Fire Chief gives Station #2 rehab ‘high priority’

WESTFIELD – Fire Chief Mary Regan called rehabbing Station #2 on Little River Road a “high priority” this week, an ongoing request that dates back to 2001.
The City of Westfield revisited renovation and expansion plans in 2007.
“Things seem to fall off and go to the back burner,” said Regan.
In 2015, the department put together renovations plans to finally “clean up” the station.
Built in 1973, the station must undergo extensive repairs and updates.
“Since that time there really hasn’t been any money put into it,” she said.
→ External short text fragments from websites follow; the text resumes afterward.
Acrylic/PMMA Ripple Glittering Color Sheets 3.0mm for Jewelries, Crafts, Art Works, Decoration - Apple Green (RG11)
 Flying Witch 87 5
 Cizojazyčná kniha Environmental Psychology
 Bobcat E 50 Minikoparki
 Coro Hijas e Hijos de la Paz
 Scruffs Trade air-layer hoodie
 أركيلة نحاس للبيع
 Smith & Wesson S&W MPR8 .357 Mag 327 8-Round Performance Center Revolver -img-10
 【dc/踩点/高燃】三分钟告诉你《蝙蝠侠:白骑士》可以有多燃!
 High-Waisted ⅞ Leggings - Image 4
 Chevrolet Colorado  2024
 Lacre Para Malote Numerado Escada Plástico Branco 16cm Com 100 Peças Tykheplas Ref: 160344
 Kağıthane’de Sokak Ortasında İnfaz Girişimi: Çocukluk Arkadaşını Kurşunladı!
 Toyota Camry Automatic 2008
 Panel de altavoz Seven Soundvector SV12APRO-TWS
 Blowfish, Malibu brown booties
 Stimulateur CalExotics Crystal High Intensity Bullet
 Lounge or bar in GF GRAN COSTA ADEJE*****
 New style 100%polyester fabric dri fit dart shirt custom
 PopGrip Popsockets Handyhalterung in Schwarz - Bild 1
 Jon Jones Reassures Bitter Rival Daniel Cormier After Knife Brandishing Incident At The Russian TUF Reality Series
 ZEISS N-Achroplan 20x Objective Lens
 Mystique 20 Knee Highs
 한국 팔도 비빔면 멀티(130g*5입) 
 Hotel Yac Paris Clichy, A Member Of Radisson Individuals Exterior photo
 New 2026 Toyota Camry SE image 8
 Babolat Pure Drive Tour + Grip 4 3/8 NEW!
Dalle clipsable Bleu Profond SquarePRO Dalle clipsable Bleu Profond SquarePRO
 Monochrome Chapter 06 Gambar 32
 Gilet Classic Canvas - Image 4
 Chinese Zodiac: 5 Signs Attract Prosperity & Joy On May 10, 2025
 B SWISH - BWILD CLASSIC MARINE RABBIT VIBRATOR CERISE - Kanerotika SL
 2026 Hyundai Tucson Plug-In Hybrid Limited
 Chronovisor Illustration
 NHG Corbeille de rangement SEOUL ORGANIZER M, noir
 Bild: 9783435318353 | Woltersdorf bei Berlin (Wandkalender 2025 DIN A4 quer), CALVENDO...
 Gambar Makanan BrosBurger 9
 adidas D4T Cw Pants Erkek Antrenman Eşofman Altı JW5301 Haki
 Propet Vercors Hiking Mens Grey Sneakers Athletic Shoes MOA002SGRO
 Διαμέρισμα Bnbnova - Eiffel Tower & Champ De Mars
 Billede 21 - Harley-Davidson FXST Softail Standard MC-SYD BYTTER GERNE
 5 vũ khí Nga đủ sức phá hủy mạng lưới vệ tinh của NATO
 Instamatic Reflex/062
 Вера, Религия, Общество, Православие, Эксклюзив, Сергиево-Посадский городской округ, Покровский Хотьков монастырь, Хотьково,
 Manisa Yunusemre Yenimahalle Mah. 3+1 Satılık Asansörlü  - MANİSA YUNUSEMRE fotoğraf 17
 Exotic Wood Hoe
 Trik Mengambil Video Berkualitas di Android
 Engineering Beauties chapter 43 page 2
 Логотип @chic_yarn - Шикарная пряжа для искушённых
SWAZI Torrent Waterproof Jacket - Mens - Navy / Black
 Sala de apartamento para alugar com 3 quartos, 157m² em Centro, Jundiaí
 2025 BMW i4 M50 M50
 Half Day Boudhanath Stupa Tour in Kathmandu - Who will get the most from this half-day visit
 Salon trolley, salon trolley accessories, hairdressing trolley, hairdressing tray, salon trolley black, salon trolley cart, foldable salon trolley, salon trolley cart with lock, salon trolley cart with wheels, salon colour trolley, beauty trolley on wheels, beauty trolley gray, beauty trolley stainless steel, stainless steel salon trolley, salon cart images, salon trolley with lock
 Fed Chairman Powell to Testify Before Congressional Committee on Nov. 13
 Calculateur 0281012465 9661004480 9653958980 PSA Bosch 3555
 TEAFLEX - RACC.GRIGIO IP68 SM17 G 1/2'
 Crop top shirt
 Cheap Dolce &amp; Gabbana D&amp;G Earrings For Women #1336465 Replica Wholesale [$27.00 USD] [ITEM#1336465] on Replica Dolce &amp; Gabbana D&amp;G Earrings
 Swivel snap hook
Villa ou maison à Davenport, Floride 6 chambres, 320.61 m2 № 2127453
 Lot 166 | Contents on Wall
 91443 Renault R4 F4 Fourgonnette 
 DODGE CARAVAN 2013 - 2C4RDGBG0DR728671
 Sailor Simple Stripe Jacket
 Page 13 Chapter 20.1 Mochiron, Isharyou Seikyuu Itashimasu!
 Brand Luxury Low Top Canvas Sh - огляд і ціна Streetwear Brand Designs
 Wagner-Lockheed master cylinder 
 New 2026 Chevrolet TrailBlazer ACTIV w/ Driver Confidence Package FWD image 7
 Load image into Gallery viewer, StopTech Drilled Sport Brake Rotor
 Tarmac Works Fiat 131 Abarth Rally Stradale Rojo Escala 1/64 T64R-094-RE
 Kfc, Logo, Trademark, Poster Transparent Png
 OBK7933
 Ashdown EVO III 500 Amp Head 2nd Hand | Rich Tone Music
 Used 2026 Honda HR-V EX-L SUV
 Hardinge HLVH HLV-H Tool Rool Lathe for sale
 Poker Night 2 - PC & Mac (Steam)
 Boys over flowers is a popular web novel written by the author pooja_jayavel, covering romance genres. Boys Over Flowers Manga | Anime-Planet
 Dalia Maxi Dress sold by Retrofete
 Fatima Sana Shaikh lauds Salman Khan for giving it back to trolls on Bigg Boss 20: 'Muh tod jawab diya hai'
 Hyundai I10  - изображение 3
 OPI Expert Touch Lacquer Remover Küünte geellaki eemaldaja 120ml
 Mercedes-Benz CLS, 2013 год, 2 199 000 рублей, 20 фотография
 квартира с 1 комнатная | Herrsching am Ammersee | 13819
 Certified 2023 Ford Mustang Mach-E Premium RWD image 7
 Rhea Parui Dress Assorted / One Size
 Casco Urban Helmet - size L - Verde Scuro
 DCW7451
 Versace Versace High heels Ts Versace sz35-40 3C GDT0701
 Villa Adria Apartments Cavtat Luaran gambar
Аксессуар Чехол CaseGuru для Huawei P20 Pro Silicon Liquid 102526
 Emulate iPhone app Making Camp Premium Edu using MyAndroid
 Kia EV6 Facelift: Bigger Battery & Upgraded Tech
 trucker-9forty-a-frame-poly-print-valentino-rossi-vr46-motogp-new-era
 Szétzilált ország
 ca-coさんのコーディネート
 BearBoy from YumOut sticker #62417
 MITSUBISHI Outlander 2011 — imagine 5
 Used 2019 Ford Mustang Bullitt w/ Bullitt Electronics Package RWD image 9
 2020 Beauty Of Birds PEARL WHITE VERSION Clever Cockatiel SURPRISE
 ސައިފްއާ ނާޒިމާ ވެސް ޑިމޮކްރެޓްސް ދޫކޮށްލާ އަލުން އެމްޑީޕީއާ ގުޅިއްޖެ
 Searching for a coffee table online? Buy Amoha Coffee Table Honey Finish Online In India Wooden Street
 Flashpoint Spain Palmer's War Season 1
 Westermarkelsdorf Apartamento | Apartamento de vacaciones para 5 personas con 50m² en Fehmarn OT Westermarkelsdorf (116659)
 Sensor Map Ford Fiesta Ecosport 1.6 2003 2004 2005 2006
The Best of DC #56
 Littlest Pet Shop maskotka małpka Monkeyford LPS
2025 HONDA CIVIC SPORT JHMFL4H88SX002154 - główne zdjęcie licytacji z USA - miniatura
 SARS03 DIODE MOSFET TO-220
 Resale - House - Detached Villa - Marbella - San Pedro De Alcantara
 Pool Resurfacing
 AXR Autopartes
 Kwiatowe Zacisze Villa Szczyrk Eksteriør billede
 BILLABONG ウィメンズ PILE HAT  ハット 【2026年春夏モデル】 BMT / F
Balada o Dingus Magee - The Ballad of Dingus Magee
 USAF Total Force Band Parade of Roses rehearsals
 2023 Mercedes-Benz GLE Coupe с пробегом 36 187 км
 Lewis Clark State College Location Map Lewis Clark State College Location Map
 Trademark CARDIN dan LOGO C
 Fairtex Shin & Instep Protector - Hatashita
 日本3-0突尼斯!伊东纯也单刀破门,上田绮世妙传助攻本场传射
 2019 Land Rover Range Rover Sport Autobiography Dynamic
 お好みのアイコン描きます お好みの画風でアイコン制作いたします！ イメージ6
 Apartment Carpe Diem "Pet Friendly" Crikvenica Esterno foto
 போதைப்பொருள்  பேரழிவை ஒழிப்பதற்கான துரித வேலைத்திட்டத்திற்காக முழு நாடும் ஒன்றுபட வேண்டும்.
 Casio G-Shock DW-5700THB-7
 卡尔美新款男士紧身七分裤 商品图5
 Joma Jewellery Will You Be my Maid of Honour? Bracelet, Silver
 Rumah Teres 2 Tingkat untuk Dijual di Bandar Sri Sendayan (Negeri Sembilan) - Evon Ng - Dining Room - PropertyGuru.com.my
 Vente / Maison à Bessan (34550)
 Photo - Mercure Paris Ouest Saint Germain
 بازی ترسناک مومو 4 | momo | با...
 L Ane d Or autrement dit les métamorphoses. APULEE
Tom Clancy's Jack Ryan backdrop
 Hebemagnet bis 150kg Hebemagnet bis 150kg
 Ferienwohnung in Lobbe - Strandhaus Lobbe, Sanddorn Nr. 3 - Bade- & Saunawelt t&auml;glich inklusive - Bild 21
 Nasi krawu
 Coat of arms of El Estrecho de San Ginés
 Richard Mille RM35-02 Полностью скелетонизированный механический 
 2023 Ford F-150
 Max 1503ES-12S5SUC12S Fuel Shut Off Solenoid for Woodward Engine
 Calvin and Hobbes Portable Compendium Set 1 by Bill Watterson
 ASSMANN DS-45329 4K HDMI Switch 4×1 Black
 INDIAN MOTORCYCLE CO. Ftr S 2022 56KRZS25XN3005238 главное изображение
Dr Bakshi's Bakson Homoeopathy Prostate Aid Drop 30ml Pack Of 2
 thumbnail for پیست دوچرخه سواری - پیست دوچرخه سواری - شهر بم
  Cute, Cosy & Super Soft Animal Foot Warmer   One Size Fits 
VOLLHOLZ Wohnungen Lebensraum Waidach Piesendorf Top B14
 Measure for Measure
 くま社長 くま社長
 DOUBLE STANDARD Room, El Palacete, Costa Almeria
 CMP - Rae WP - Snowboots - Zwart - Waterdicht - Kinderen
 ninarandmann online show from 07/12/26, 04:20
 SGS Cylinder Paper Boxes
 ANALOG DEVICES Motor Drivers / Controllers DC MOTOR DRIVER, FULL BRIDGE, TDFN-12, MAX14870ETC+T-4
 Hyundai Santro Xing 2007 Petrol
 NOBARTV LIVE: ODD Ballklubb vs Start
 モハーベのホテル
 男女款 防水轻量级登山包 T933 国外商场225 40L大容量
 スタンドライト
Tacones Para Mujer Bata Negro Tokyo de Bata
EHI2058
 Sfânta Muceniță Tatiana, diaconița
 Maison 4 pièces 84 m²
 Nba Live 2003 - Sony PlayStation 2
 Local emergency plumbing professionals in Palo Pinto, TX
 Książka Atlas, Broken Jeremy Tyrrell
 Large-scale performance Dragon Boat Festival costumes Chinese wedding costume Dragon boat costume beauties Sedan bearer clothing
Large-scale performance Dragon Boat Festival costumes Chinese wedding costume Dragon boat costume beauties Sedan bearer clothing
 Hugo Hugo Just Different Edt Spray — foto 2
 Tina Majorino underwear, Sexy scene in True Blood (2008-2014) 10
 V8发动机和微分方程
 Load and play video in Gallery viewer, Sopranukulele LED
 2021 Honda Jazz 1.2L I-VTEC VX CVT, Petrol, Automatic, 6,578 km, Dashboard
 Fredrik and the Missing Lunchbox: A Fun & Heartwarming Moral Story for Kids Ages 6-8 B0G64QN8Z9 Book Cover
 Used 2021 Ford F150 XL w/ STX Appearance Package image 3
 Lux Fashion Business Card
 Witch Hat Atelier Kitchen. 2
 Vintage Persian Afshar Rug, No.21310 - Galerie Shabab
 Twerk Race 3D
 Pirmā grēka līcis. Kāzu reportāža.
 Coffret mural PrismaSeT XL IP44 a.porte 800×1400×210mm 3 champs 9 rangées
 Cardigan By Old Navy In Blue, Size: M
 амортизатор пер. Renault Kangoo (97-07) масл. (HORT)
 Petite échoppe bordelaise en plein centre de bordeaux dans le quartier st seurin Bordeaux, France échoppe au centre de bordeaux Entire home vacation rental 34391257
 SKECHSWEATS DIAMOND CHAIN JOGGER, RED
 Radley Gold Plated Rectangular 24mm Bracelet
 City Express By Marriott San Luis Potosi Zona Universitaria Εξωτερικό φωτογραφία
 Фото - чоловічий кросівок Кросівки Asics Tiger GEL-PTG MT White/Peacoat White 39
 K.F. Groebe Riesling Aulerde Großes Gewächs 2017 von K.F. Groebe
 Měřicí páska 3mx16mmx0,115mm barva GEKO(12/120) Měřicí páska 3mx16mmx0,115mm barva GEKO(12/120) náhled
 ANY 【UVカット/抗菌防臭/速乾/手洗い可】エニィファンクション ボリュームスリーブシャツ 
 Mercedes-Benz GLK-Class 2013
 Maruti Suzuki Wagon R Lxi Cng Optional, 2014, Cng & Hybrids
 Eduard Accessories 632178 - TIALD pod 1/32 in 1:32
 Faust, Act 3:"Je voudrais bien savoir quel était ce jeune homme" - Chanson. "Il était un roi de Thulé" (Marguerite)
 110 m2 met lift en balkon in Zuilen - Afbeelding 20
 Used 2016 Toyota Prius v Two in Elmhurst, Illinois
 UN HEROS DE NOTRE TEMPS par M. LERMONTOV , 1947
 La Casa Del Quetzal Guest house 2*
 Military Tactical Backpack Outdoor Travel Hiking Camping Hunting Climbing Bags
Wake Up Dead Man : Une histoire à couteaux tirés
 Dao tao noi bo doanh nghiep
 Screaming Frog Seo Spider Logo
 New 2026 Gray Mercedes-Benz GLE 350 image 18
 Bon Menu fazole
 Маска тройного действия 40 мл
The facility lacks a functioning air conditioner, and the bathrooms, windows, roof and antiquated heating system need replacement. The living area contains substandard installation and the generator is too small for the building.
“It’s in a pretty sad state of affairs at this point,” she said.
Another concern: the station lacks separate living quarters for male and female firefighters, both of whom are regularly assigned to the station.
The neighborhood has experienced substantial growth with roads and housing in the past few decades. Since 1985, according to Regan, 806 houses were constructed. In addition, Munger Hill Elementary School was built and has seen an increase in businesses and industry.
“It’s in very poor condition. There’s no way to skirt around it. I encourage councilors, and even the media, if they want to go down there and take a walk through and see what state the building gotten into,” she said.
“It’s easy to understand we need to make some corrections if we’re going to do something like that,” she said. “We need to look forward because the station is going to serve the area for the next 50-75 years. We must plan accordingly.”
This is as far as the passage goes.